Then in 2020, the coronavirus hit — and it hit Latinx communities especially hard. Latinx people were more likely than any other ethnic and racial group to hold high-profile jobs “essential.” They were more likely than whites get sickhave difficulty accessing care and die from the virus.

For the respondents I met in 2022, 80% of whom had student loan balances, the repayment pause was good news. Deidra recently got married and plans to have children soon. She and her husband were finally able to get married and start saving for a house.

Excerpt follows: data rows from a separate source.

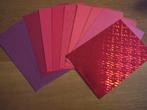 10 vellen apart karton A5 - rood tinten, Ophalen of Verzenden, Nieuw, Overige thema's, Blanco kaart of Basiskaart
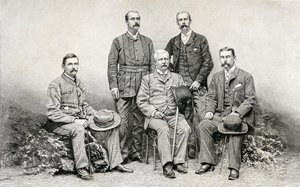 Sir Henry Morton Stanleyn Emin Pasha Relief Expedition jäsenet, 1890 (puukaiverrus)
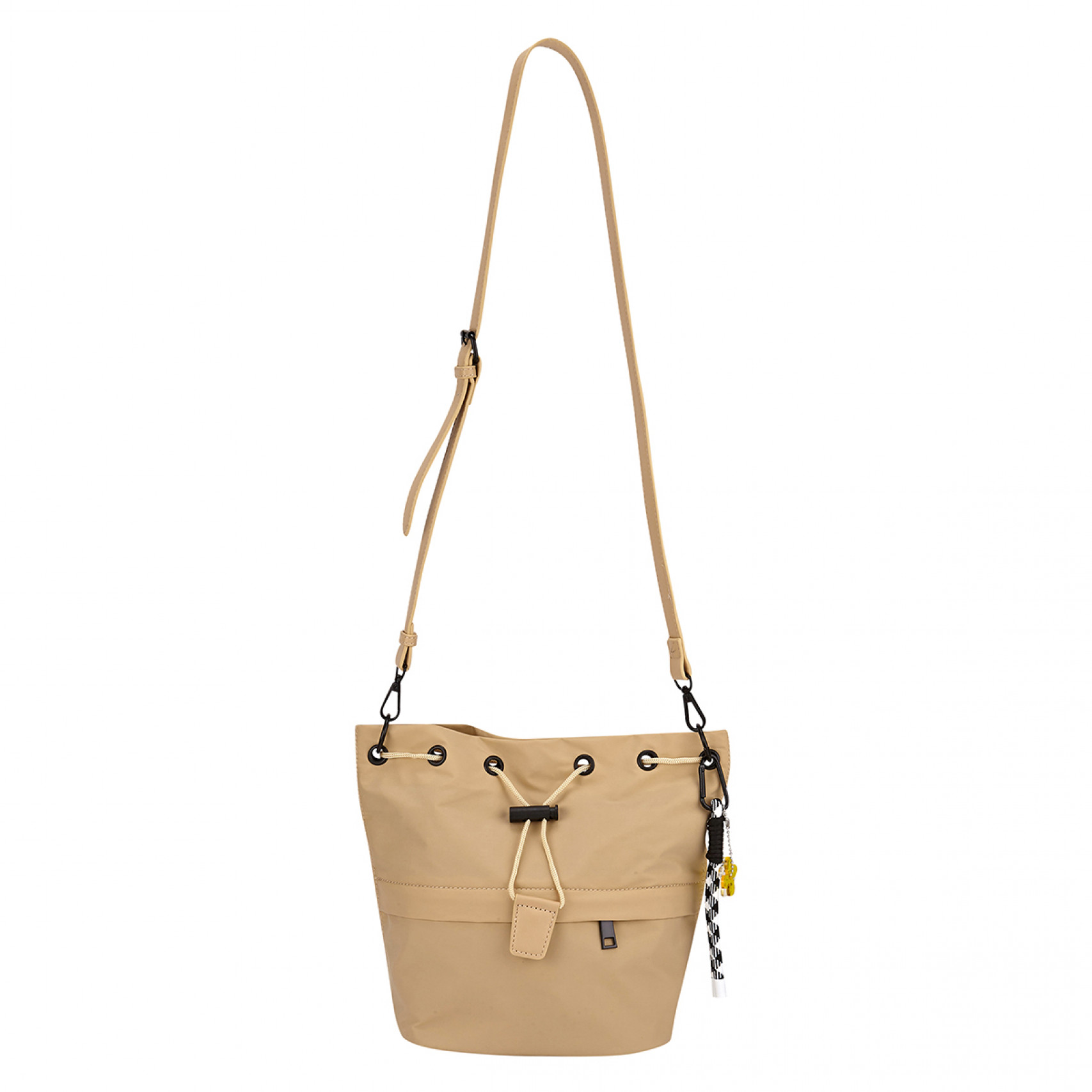 나일론 버킷백 베이지 / FLOTES2B04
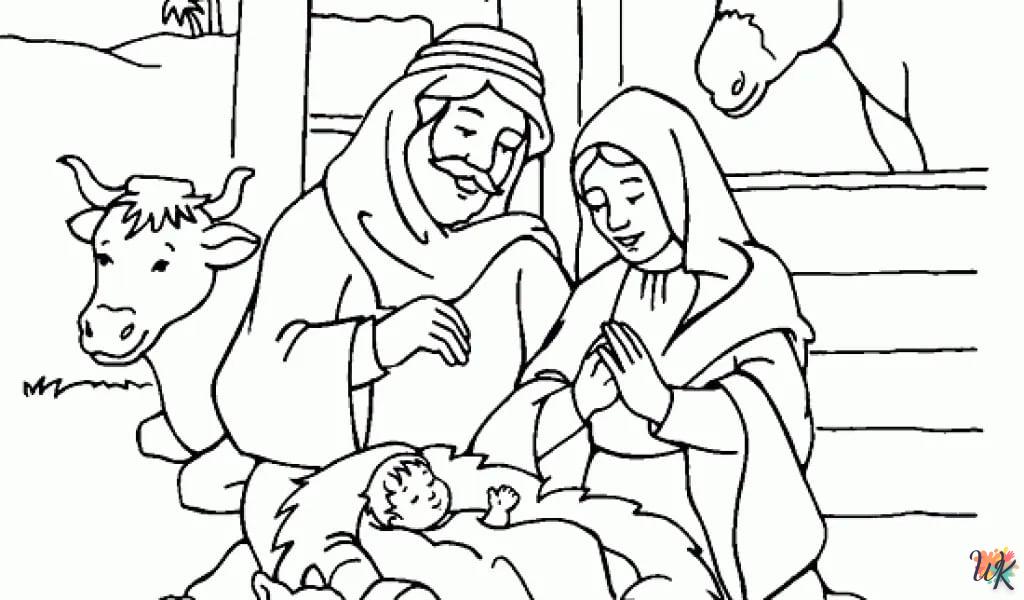 coloriage Jésus  gratuit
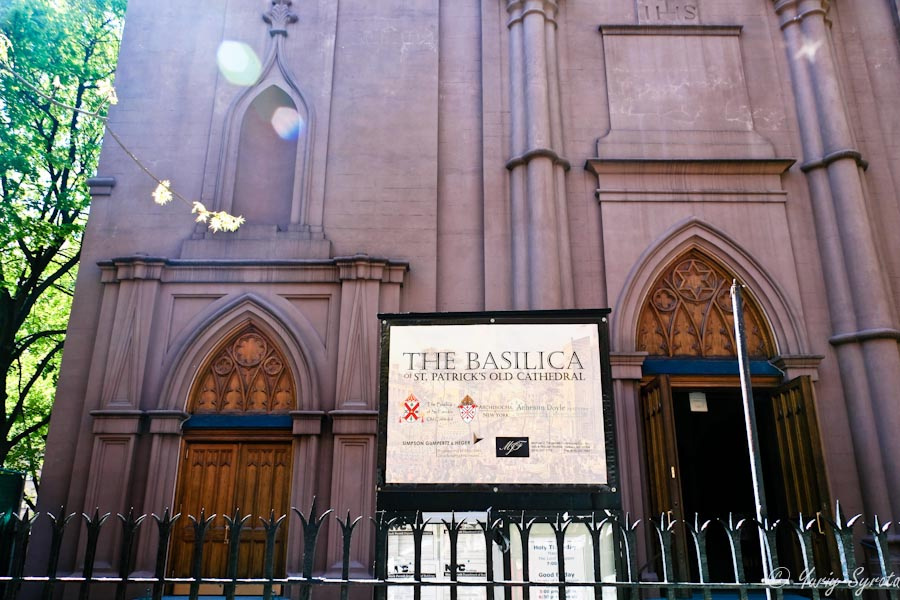 The Basilica of Saint Patrick’s Old Cathedral в НоЛита Нью-Йорк, CША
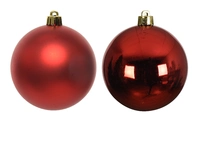 Kerstballen Glas Ø2,5cm Kerst Rood 24st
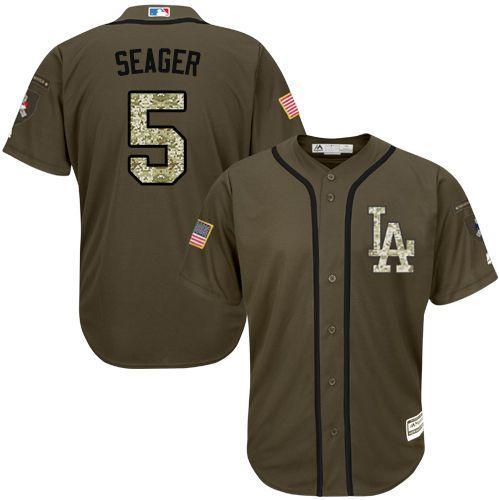 Los Angeles Dodgers #5 Corey Seager Olive Camo Jersey Los Angeles Dodgers #5 Corey Seager Olive Camo Jersey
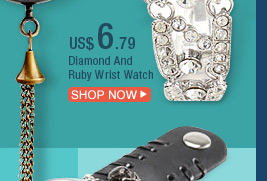 Diamond And Ruby Wrist Watch
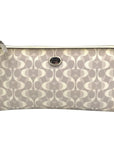 Coach White Coated Canvas Peyton Dream Convertible Wristlet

Melinda, also a child of Mexican immigrants, has a master’s degree in counseling and is expecting her first child. She is not yet entitled to paid maternity leave through her employer, so the pause in reimbursements has eased some of her anxiety about “all the expenses” associated with motherhood.

Who should pay for college? This is what Americans believe.

Like many Americans, these graduates grew up hearing that college was the key to success. As immigrants and immigrant children, they sought to fulfill this dream for themselves and their parents. A decade after graduating, however, they have a more critical perspective.

Carlos grew up in poverty and is the first in his family to go to university. He remembers being told that “when you go to school, you will get out of here”. But after two degrees, including a master’s degree in social work from a prestigious private university, he says, “I still feel like I haven’t really strayed from my social class, which is what we all want to do. … I’m kind of in the same place. Even with the repayment break, he says, “I feel a lot of relief every time I have a chance to pay something back… But that’s something I’ll never do.”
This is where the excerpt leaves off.